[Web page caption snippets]

........

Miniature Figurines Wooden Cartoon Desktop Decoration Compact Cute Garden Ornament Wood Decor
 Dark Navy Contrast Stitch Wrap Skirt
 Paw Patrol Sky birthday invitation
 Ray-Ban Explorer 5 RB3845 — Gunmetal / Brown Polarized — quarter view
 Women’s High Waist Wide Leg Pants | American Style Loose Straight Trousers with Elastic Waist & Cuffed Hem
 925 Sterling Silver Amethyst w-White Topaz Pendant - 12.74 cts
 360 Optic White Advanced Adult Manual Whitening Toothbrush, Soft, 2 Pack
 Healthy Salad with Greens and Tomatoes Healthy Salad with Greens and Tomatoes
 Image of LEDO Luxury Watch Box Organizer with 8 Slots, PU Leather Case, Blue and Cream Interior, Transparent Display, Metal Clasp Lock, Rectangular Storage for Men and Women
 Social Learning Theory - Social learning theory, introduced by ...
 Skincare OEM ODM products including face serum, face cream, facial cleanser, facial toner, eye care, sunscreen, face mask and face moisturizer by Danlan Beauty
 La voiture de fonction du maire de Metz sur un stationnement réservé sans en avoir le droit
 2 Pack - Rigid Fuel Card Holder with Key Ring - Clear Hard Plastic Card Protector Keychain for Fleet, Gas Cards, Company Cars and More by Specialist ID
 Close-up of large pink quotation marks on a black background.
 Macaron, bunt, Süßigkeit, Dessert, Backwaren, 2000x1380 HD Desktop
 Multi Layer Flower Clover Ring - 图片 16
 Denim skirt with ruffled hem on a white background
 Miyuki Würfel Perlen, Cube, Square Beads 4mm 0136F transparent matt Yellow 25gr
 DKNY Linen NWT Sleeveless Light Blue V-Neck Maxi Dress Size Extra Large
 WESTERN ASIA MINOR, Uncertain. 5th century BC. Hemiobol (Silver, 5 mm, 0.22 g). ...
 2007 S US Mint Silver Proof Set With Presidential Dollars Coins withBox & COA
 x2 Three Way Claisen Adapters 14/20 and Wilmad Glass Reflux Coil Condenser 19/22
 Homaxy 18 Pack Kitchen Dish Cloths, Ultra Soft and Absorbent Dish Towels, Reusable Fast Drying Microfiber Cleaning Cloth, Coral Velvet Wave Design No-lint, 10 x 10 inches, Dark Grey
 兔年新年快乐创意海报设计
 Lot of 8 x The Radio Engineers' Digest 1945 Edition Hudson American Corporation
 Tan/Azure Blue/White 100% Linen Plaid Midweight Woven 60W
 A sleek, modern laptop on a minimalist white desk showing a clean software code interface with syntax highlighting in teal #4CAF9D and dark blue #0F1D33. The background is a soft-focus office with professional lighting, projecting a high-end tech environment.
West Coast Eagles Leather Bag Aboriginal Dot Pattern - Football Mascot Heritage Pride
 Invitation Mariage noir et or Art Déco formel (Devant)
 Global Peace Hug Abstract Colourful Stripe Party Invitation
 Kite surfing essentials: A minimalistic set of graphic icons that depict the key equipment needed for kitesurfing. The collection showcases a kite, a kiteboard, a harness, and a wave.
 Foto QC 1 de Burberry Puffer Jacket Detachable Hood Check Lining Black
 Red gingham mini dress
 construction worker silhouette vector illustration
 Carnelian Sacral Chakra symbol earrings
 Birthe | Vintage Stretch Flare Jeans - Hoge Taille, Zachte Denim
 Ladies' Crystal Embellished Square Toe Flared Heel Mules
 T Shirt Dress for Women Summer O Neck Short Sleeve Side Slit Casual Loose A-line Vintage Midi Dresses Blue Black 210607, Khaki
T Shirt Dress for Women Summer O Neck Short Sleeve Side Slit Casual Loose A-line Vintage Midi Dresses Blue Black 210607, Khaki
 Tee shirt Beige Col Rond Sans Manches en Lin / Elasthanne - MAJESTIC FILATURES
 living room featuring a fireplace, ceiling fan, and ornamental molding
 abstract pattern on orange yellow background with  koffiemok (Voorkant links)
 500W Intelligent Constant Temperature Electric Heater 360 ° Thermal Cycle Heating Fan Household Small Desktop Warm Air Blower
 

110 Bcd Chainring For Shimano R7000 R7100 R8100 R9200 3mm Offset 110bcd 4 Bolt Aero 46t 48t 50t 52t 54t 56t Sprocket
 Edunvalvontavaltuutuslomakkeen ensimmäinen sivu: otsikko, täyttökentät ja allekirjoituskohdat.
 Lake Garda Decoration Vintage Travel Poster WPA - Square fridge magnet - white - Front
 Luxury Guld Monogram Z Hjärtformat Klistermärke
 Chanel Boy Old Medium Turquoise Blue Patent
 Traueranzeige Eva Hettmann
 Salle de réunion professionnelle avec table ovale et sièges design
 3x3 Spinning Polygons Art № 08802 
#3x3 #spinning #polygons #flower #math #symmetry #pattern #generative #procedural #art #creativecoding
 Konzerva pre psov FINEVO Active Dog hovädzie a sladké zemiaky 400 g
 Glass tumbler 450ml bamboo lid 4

........

▸ **Your instructions**:
When a line of the records has the word "Summer", pick it out and copy it.

▸ **Reply**:
 T Shirt Dress for Women Summer O Neck Short Sleeve Side Slit Casual Loose A-line Vintage Midi Dresses Blue Black 210607, Khaki
T Shirt Dress for Women Summer O Neck Short Sleeve Side Slit Casual Loose A-line Vintage Midi Dresses Blue Black 210607, Khaki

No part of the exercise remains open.